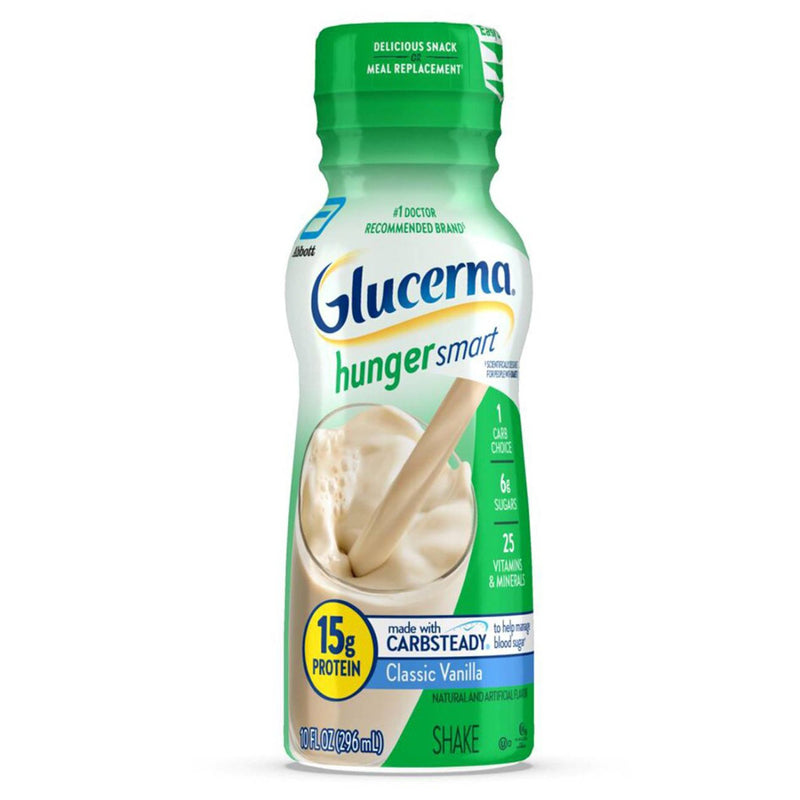 Glucerna® Hunger Smart Shake Oral Supplement Homemade Vanilla Flavor Liquid 10 oz. Bottle (1207547_CS) 24/CS
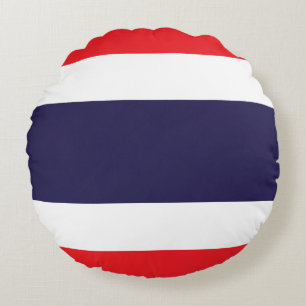 Coussins Ronds Drapeau Thaïlande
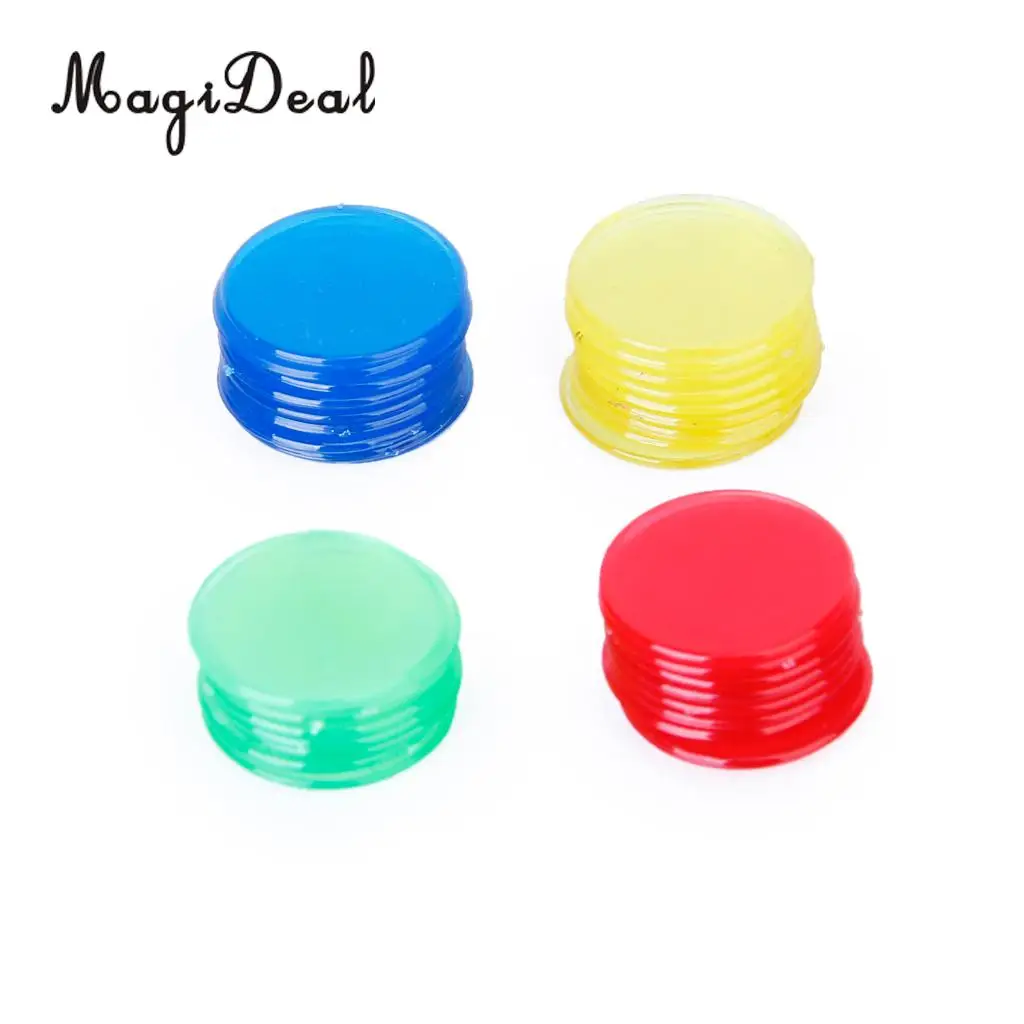 MagiDeal 400Pcs PRO 4 Colors Count Bingo Chips Markers for Family Party Carnival Hot Selling Entertainment Game Accessory | Спорт и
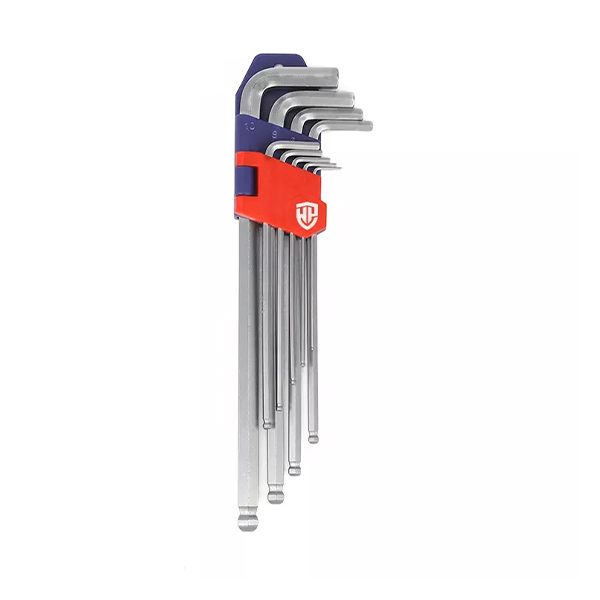 Bộ lục giác đầu bi loại ngắn 9 cái hệ mét Workpro WP222007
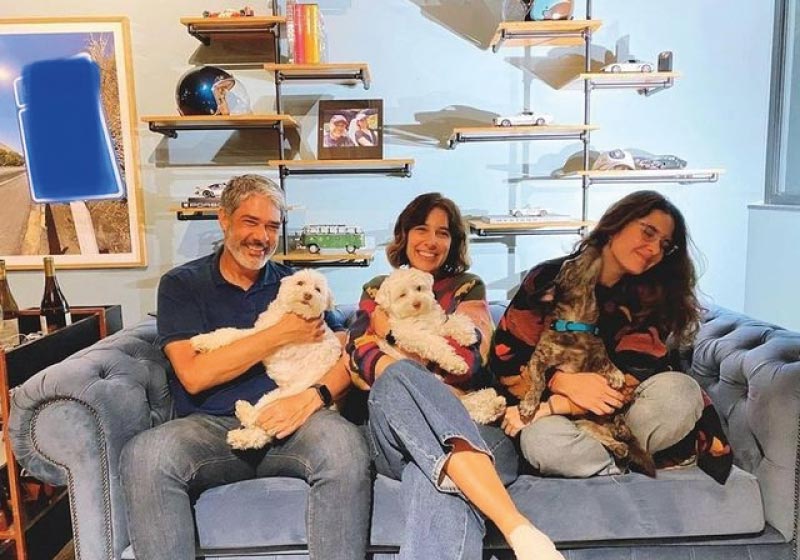 William Bonner e Natasha Dantas não informaram a localidade que resgataram Tobias - Foto: reprodução Instagram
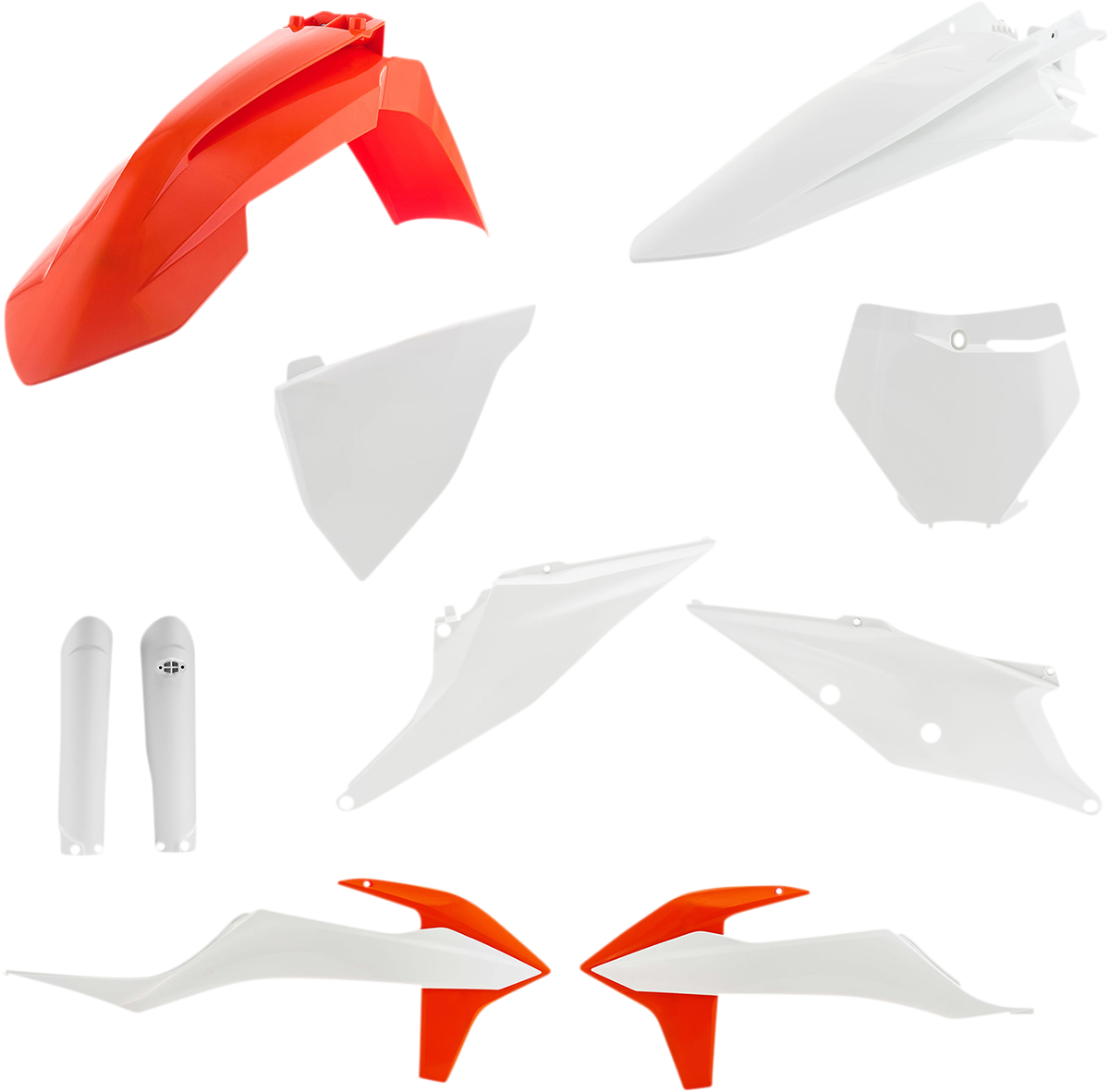 ACERBIS Full Body Kit - '21 OEM White/Orange / KTM / SX/XC '19-'22 1403-3366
++++++
_Task instructions:_
Set down the entries word for word, omitting all pictures.

_Task output:_
 Glucerna® Hunger Smart Shake Oral Supplement Homemade Vanilla Flavor Liquid 10 oz. Bottle (1207547_CS) 24/CS
 Coussins Ronds Drapeau Thaïlande
 MagiDeal 400Pcs PRO 4 Colors Count Bingo Chips Markers for Family Party Carnival Hot Selling Entertainment Game Accessory | Спорт и
 Bộ lục giác đầu bi loại ngắn 9 cái hệ mét Workpro WP222007
 William Bonner e Natasha Dantas não informaram a localidade que resgataram Tobias - Foto: reprodução Instagram
 ACERBIS Full Body Kit - '21 OEM White/Orange / KTM / SX/XC '19-'22 1403-3366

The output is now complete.